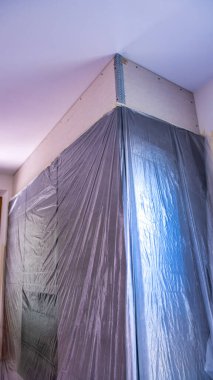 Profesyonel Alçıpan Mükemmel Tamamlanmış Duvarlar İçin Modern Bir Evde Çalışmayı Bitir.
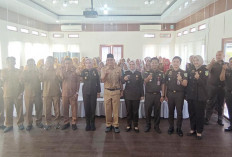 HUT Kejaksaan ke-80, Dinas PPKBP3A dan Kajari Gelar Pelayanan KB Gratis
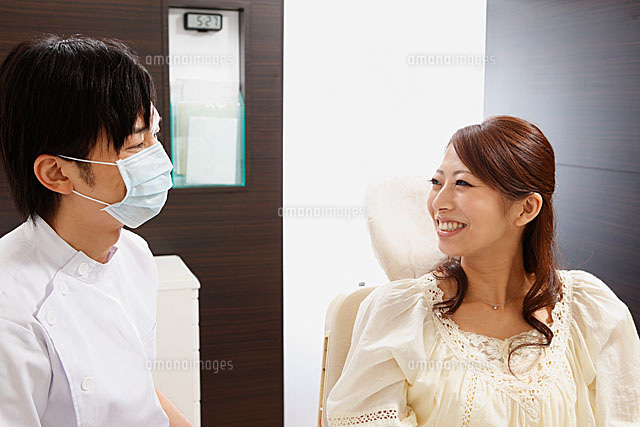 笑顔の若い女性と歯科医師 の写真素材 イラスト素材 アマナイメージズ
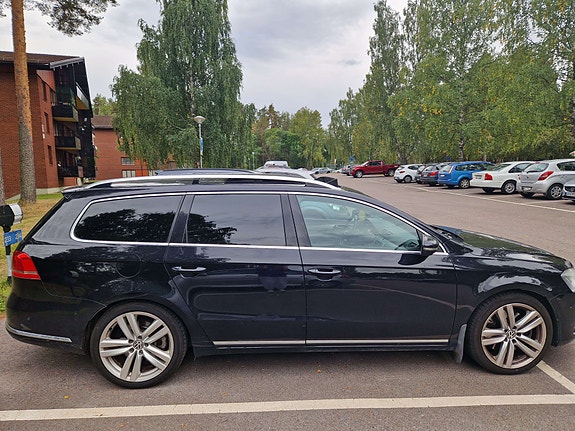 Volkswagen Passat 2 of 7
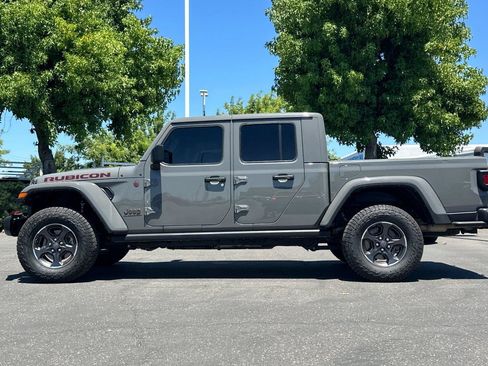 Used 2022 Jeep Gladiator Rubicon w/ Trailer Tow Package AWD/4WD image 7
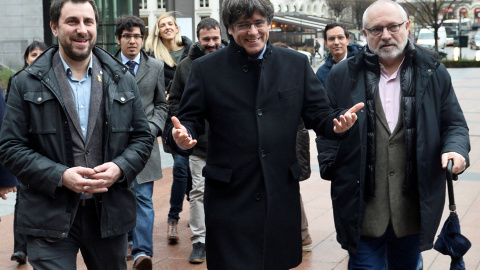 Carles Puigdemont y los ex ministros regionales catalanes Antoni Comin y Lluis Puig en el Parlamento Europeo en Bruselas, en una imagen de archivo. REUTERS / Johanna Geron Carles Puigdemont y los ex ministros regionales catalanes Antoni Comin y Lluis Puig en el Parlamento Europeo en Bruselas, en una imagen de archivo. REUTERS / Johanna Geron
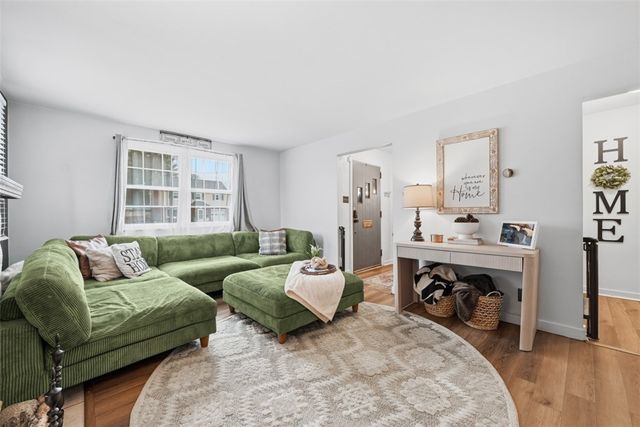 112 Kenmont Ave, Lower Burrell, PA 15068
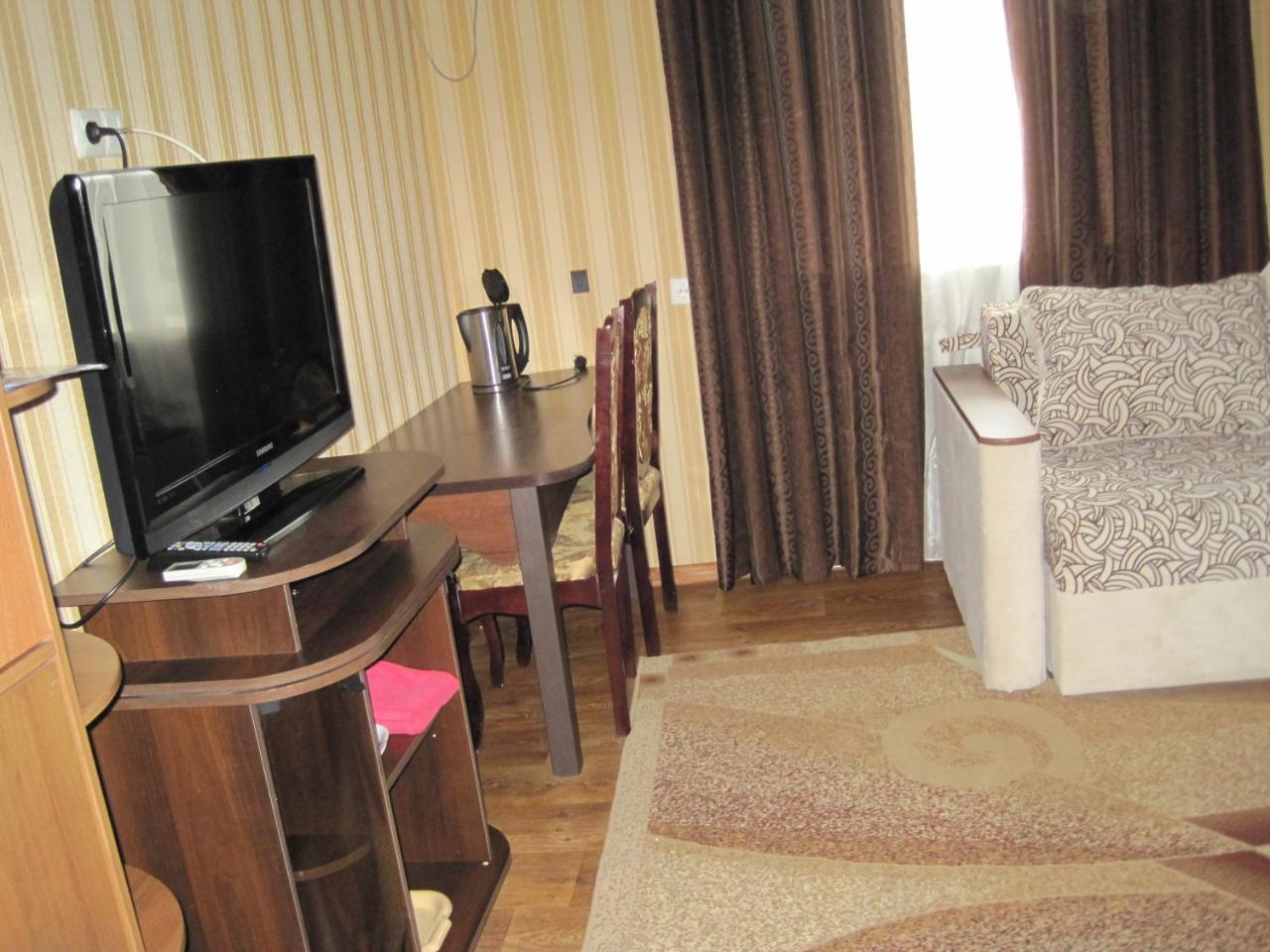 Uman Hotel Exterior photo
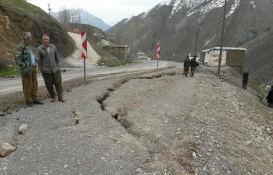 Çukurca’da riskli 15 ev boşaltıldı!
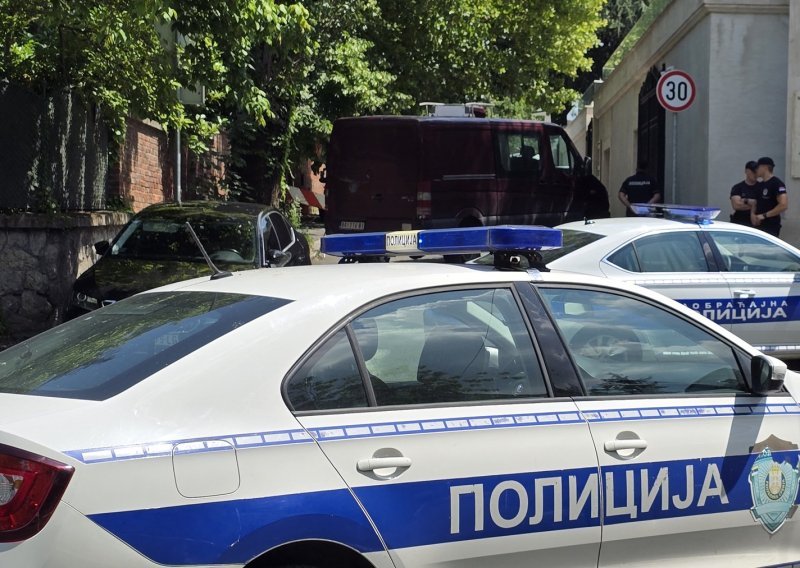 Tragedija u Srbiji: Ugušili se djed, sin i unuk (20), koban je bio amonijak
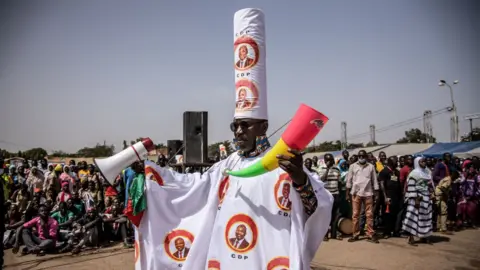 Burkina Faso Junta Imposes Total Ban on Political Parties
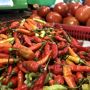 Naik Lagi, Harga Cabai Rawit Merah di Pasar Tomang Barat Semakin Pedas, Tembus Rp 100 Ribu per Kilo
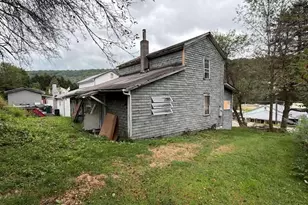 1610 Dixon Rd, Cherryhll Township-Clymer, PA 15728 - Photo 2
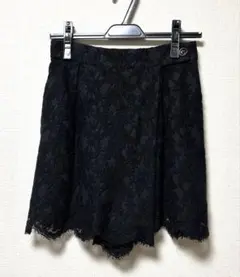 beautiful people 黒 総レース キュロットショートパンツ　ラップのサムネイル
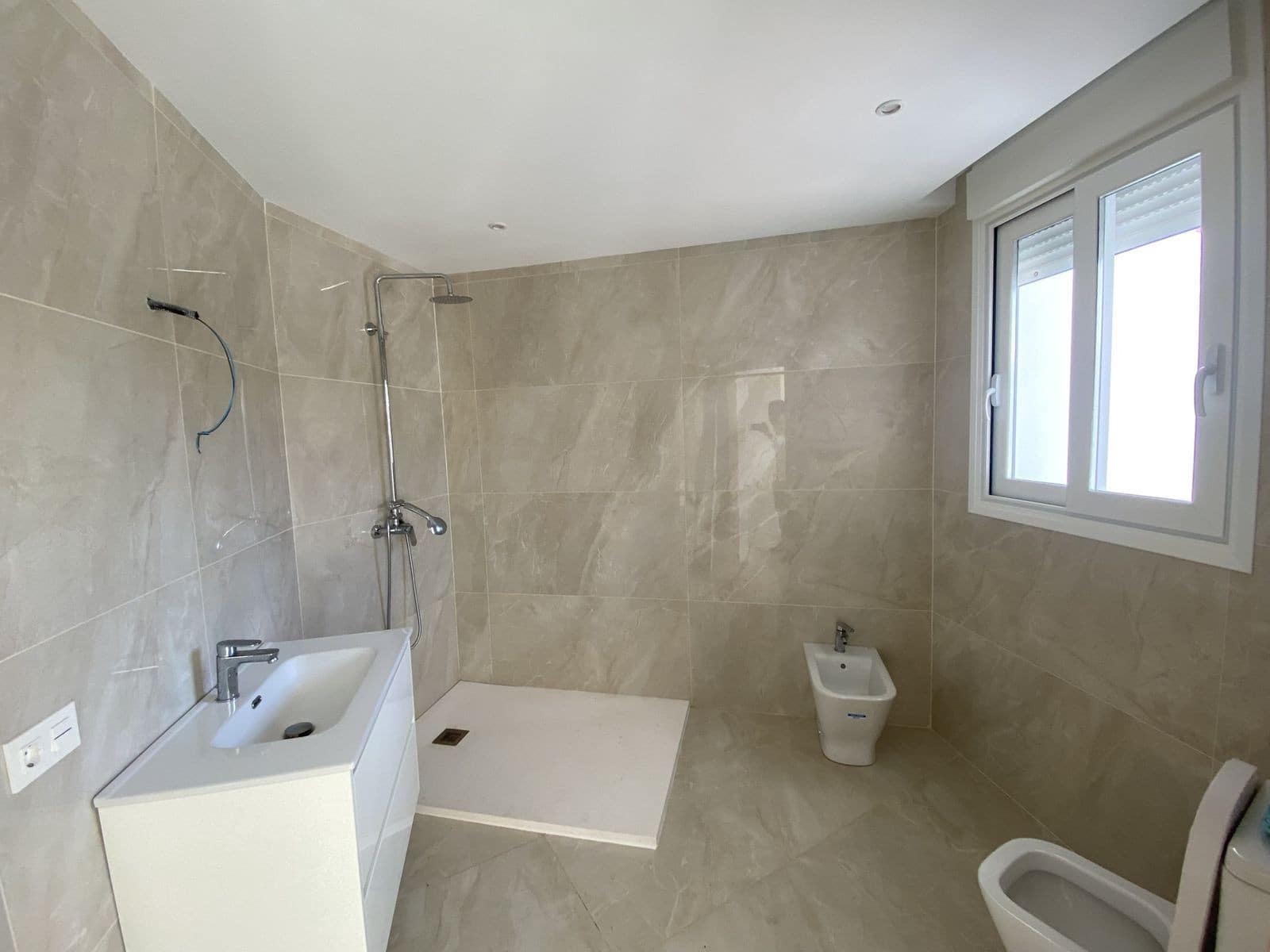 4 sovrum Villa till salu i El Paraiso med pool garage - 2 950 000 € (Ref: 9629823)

::::::

• **Required action**
Write out the data above in full and exactly, but without the pictures.

• **Result of the exercise**
 Profesyonel Alçıpan Mükemmel Tamamlanmış Duvarlar İçin Modern Bir Evde Çalışmayı Bitir.
 HUT Kejaksaan ke-80, Dinas PPKBP3A dan Kajari Gelar Pelayanan KB Gratis
 笑顔の若い女性と歯科医師 の写真素材 イラスト素材 アマナイメージズ
 Volkswagen Passat 2 of 7
 Used 2022 Jeep Gladiator Rubicon w/ Trailer Tow Package AWD/4WD image 7
 Carles Puigdemont y los ex ministros regionales catalanes Antoni Comin y Lluis Puig en el Parlamento Europeo en Bruselas, en una imagen de archivo. REUTERS / Johanna Geron Carles Puigdemont y los ex ministros regionales catalanes Antoni Comin y Lluis Puig en el Parlamento Europeo en Bruselas, en una imagen de archivo. REUTERS / Johanna Geron
 112 Kenmont Ave, Lower Burrell, PA 15068
 Uman Hotel Exterior photo
 Çukurca’da riskli 15 ev boşaltıldı!
 Tragedija u Srbiji: Ugušili se djed, sin i unuk (20), koban je bio amonijak
 Burkina Faso Junta Imposes Total Ban on Political Parties
 Naik Lagi, Harga Cabai Rawit Merah di Pasar Tomang Barat Semakin Pedas, Tembus Rp 100 Ribu per Kilo
 1610 Dixon Rd, Cherryhll Township-Clymer, PA 15728 - Photo 2
 beautiful people 黒 総レース キュロットショートパンツ　ラップのサムネイル
 4 sovrum Villa till salu i El Paraiso med pool garage - 2 950 000 € (Ref: 9629823)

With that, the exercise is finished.